Friends, none of us has an idea of how this is going to work out.

About a third of the nation is in open, violent rebellion in the streets, and in the few halls of power they still control, against established laws and against the Constitution.

About a third of the country is itching for a fight to get the first third back in line, because we cannot afford the high cost of these illegal antics.

And another third of the country is drinking beer, eating hamburgers, going to summertime baseball games, and wondering aloud when the other citizens are going to get this all worked out.

America is equally divided into thirds, perhaps in the potential roles as judges, juries, and executioners, or as judges, elected representatives, and chief executives.

We are very close to working this all out peacefully, if we all agree to just stay within those established roles, because then we will have restored the balance of power among the three co-equal branches of government that has always defined American government.

Now everyone line up into three lines, pick one line, and stay there. Then vote, and stick with the result like adults.

 

Lazy summertime guidance here

It is a scientifically proven fact that humans can endlessly watch three things:

Fire. Not a building on fire, but a campfire or a bonfire can hold a gaze long into the night. The licking flames dance and mesmerize. So long as it is not a threat, fire is intriguing, even consoling. People sitting around a campfire can stargaze and stare silently into the coals for a very long time, no words necessary.

Running water. Tumbling streams, rivers broken by rocks indicating the flow, running water is equally as eye-gluing as fire, except that its sounds can tinkle and chime, often mimicking voices if you listen closely enough. A medium size free-stone stream is probably the most fascinating to watch of all water bodies, because it is a rich mix of intimate nooks and crannies, power, and music.

If you enjoy staring at mirror-still lakes, see a doctor.

Last but not least, people working. Yes, that is right, watching people work is one of the most fulfilling and enjoyable acts you can do. I do it all the time. Try it, you will definitely like it. It beats actually working, but oddly it makes you feel like you are achieving a lot. That right there is perfect summertime, my kind of summer time.
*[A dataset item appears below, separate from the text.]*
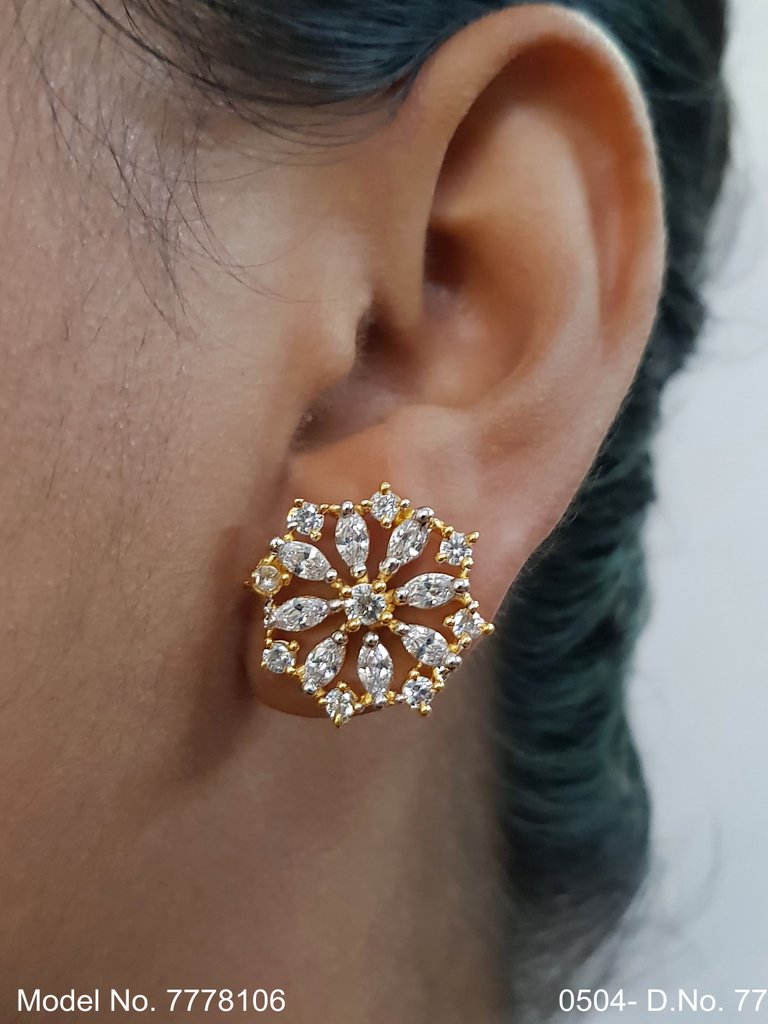 Stud Earrings | Original Indian Cubic Zirconia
So, in terms of a lazy summer enjoyment, I am looking for a splashy back yard pool, with a dad barbecuing over a natural wood campfire grill nearby. If you are aware of of such a set-up, let me know.

I’ll be able to just sit there and quietly soak it up all day long. And yes, I will bring the beer.

Hope you are enjoying your summertime…

Our public lands are not for sale

Apparently many Republicans are just downright jealous of all the craziness on the left, with all that destruction and removal of historic public monuments and the resulting revision of history to fit politically correct narratives.

So now we get a bunch of Republicans who actively pursue their own form of crazy, just bound and determined to undermine whatever electoral and public trust gains they have made in the past few years. Among a surprisingly wide circle of GOPers and conservatives, the selling off of public lands is a surprisingly popular policy goal.

Nothing hidden about this goal, the proponents of selling off public lands are quite open about their intentions. Apparently they want the public to watch them crash and burn, because the public is going to do that to them, electorally speaking.

Because the public overwhelmingly identifies with and passionately loves our public lands.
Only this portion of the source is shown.